Sports venue in Mile End, London, England

Mile End Stadium, also known as the East London Stadium, is a multi-sports stadium in Mile End and situated in the park of the same name in the East End of London, England. The stadium comprises an athletics stadium and a number of floodlit Astroturf football pitches, tennis and netball courts.

The new sports complex with a 25m swimming pool was refurbished in 2019.

The stadium is home to Sporting Bengal United F.C. and Tower Hamlets F.C. of the Eastern Counties Football League, and was formerly home to Leyton Orient Women of the FA Women's National League from 2004 to 2021.

It hosted a concert by Britpop band Blur on 17 June 1995, where 27,000 fans saw the band supported by The Boo Radleys, Sparks, John Shuttleworth, Dodgy and Cardiacs.

==Transport==

Mile End Stadium is served by London Buses Routes 277, 309, 323, D6, D7 and Night Route N277, and nearby Mile End is served by routes 25, 205, 339, 425 and Night Routes N25 and N205.
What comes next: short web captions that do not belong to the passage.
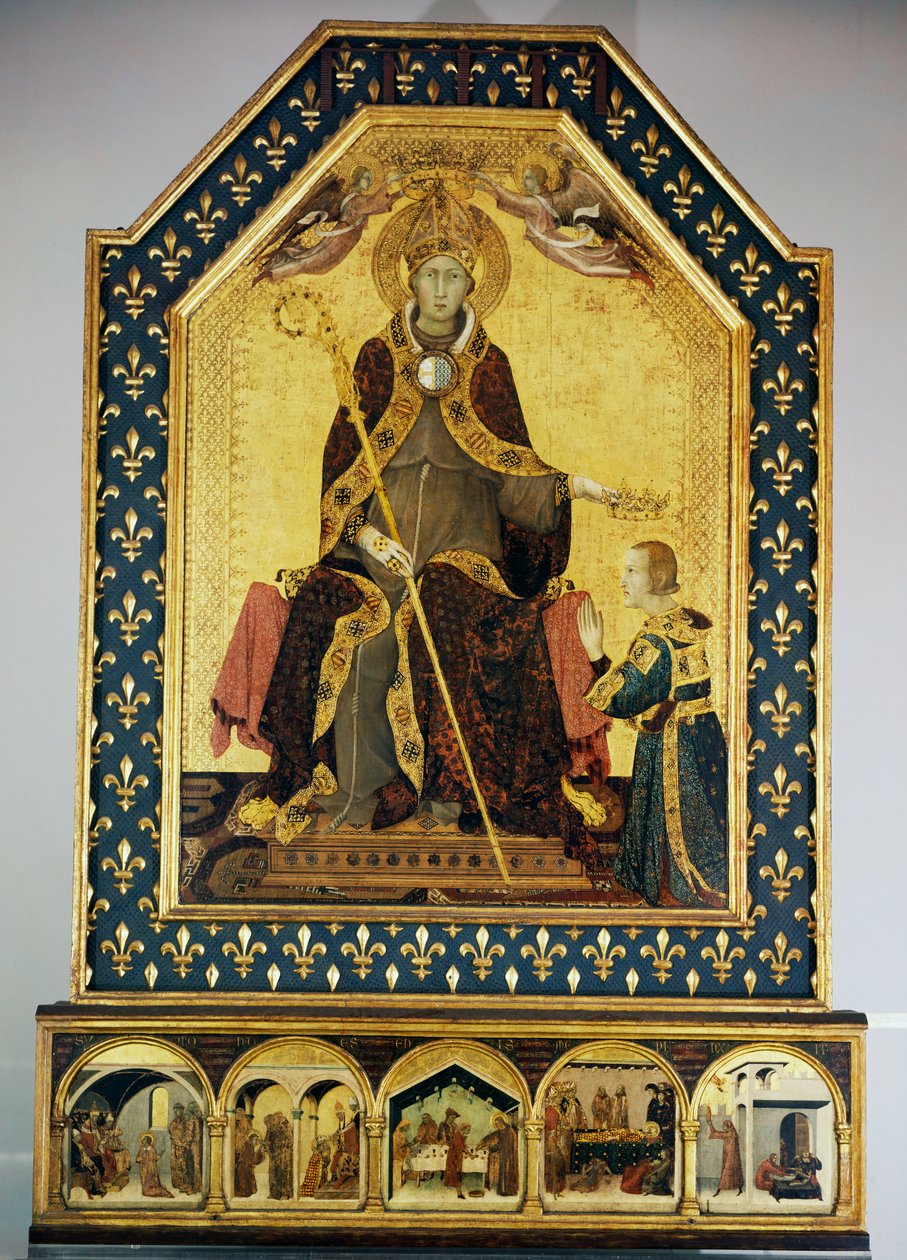 Szent Lajos toulouse-i püspök megkoronázta testvérét, Anjou Róbertet, Nápoly királyát alkotó: Simone Martini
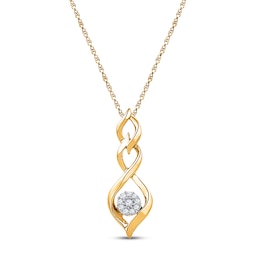 Diamond Necklace 1/10 ct tw Round 10K Yellow Gold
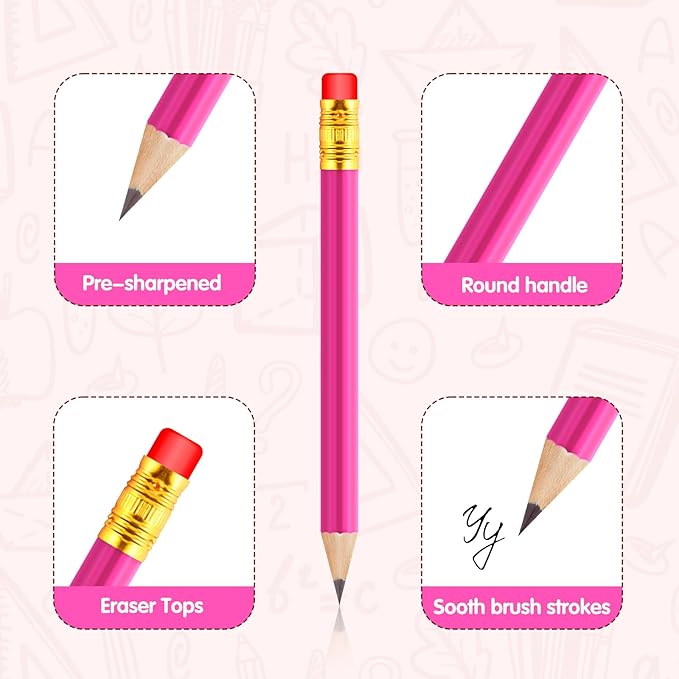 24 Pcs Mini Half Pencils Pink Golf Pencils with Erasers Bulk 4 Inch Short Pre Sharpened Pencil Small Pencil for Games Baby Shower Bridal Shower Wedding Presents Classroom Back to School Office Pocket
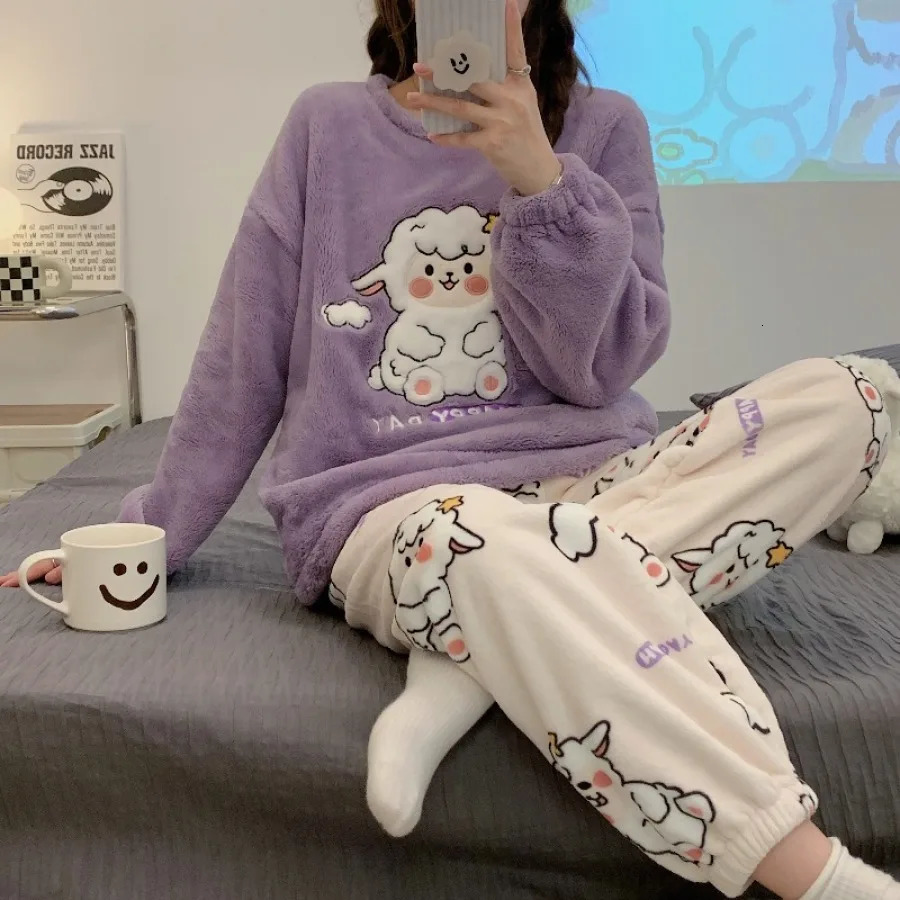 Autumn Winter Flannel Lounge Sets Womens Cute Sheep Printing Princess Home Wear Round Neck Long Sleeve Two Piece Set 251029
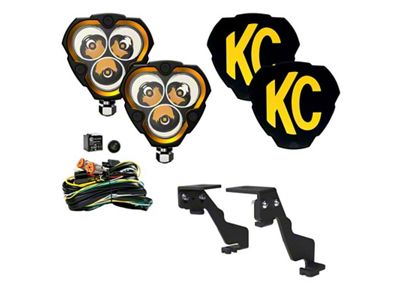 KC HiLiTES FLEX ERA 3 2-Light System with Ditch Light Mount; Spot Beam (15-20 F-150)
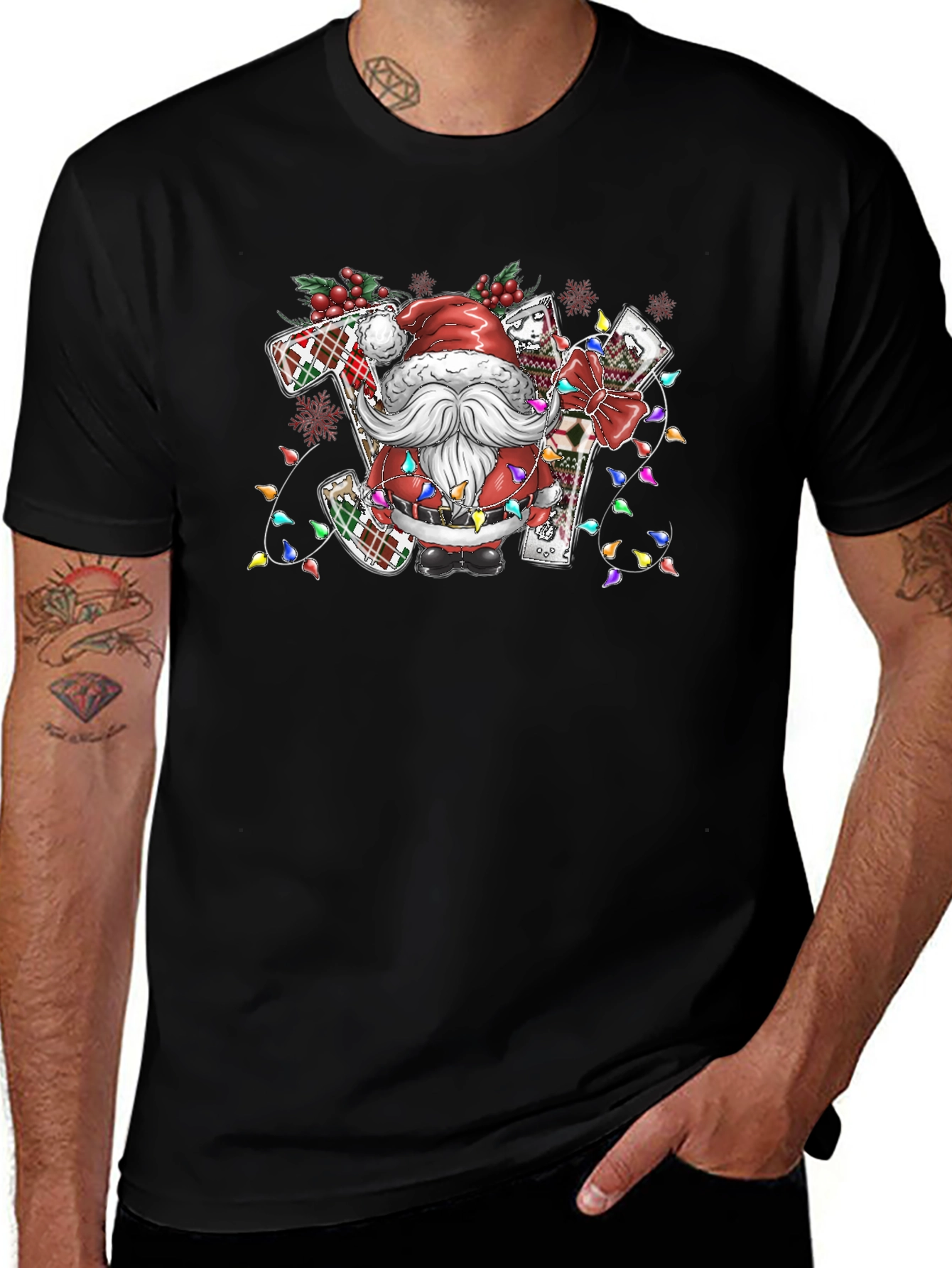 Santa JOY Christmas T-Shirt Holiday Tee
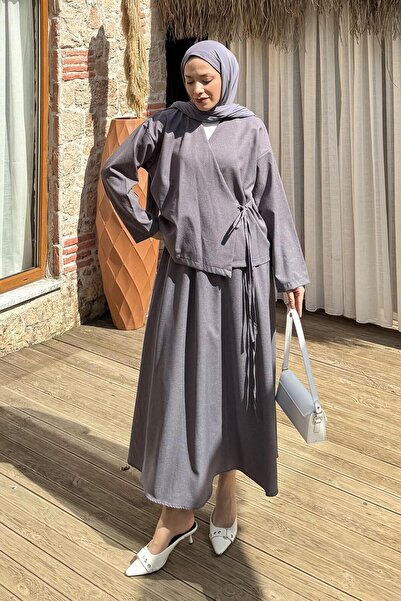 lamelif Σετ με φούστα με λεπτομέρεια δεσίματος ανθρακί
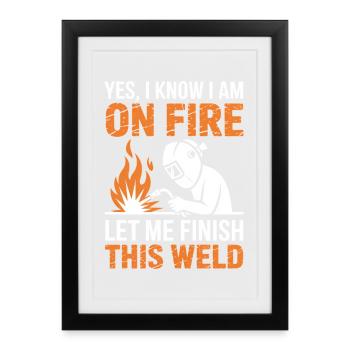 Soudeur qui dit profession, drôle de cadeau de soudeur, - Affiche encadrée (27 × 37 cm) - noir - Devant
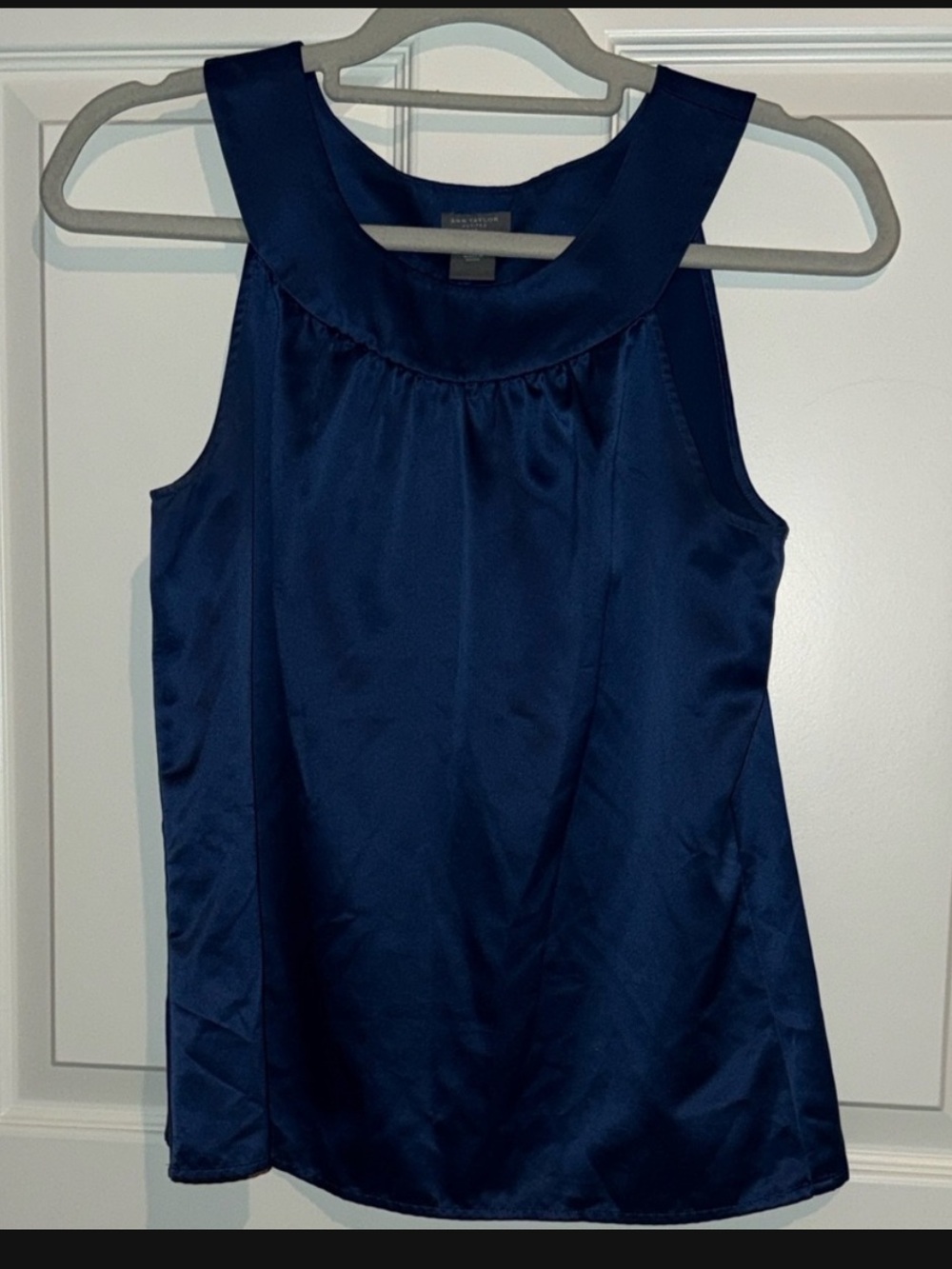 Ann Taylor Midnight Blue Sleeveless Blouse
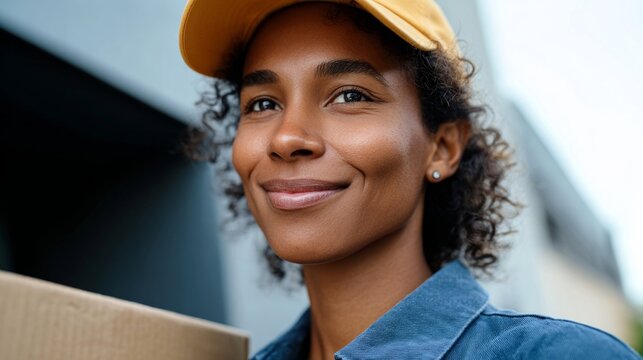 Woman, smiling, holding box, standing outdoors, wearing cap, jeans, shirt.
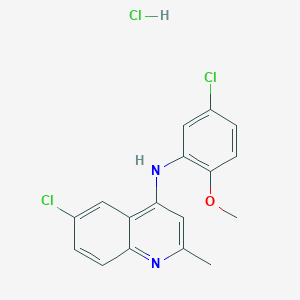 molecular formula C17H15Cl3N2O B4996053 6-chloro-N-(5-chloro-2-methoxyphenyl)-2-methylquinolin-4-amine;hydrochloride 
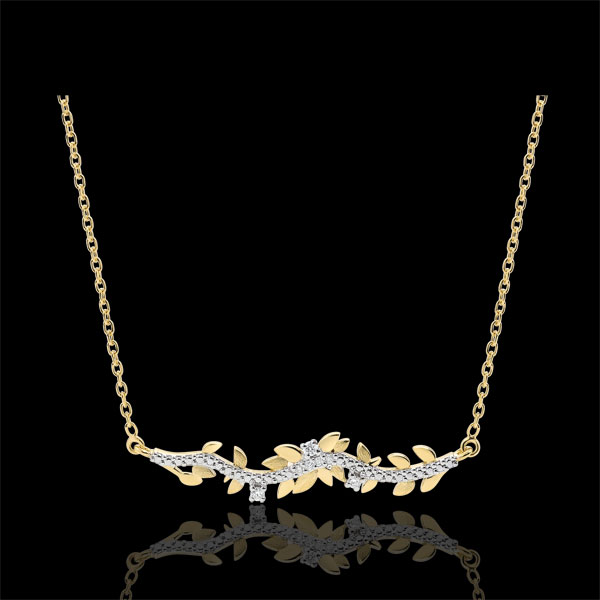 Necklace Enchanted Garden - Foliage Royal - Yellow gold and diamonds - 18 carat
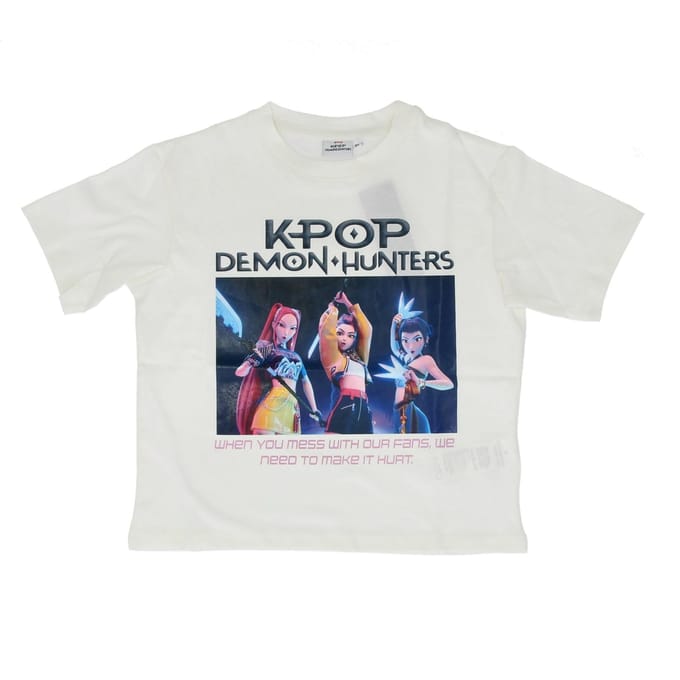 Kpop Demon Hunters T-shirt - maat 128 - Wit - Korte mouwen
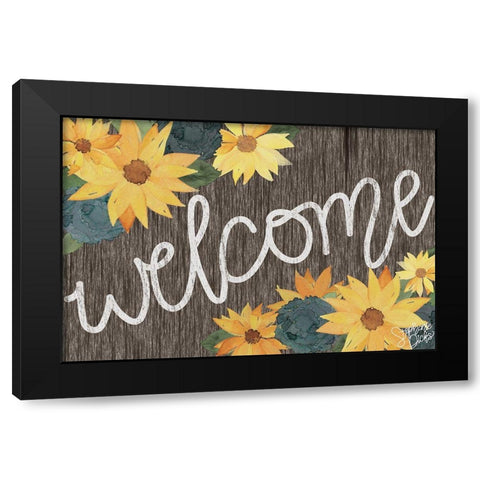 Welcome Black Modern Wood Framed Art Print with Double Matting by Dicks, Stephanie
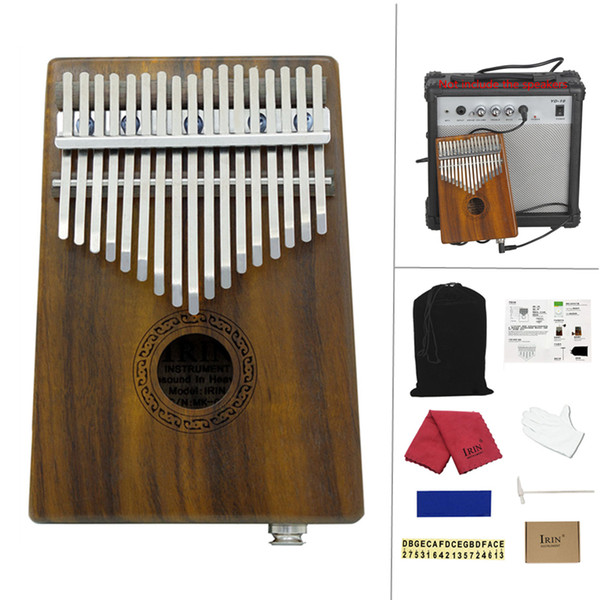 Electroacoustic 17 Key Kalimba Solid Acacia Wood Thumb Piano Mbira Natural Electronic Mini Keyboard Instrument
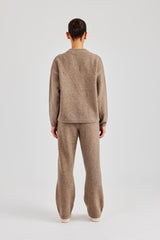 Seam Detail Knitted Sweatshirt & Wide Leg Jogger - Brown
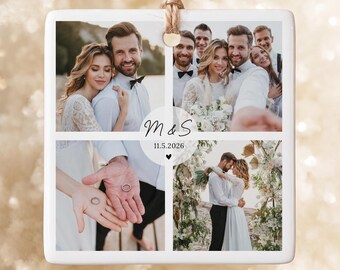 Custom Photo Wedding Ornament, Personalized First Christmas Married Keepsake, Mr and Mrs Picture Collage Tree Decor Gift for Newlyweds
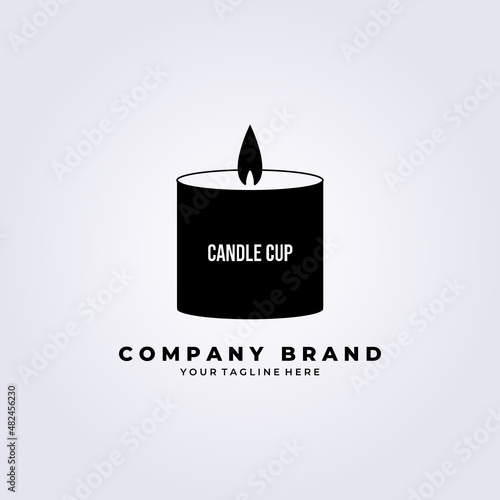 candle Glass light flame logo in cup vector illustration design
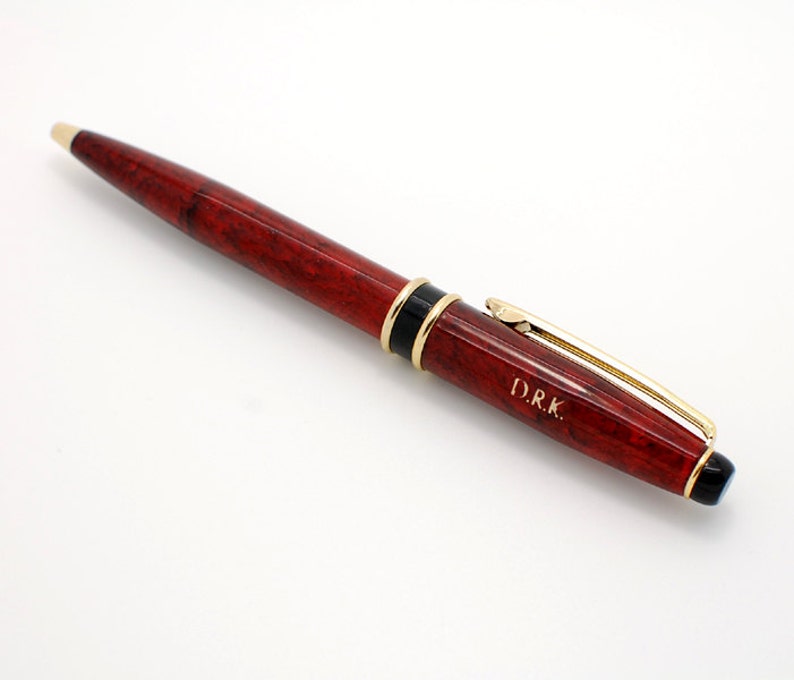 Engraved pen set Personalized red marble brass pen gift set Etsy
To the north, Mile End tube station is located nearby across Mile End Park for Central line, District line and Hammersmith & City line services. To the south, the stadium is a short walk from Limehouse DLR station for Docklands Light Railway and c2c services.

Cycle Superhighway CS2 passes close by on Mile End Road.

The Regent's Canal passes close by, and offers access to walk or cycle on the towpath. Victoria Park, Globe Town and Limehouse Basin can be reached easily from here via the towpath.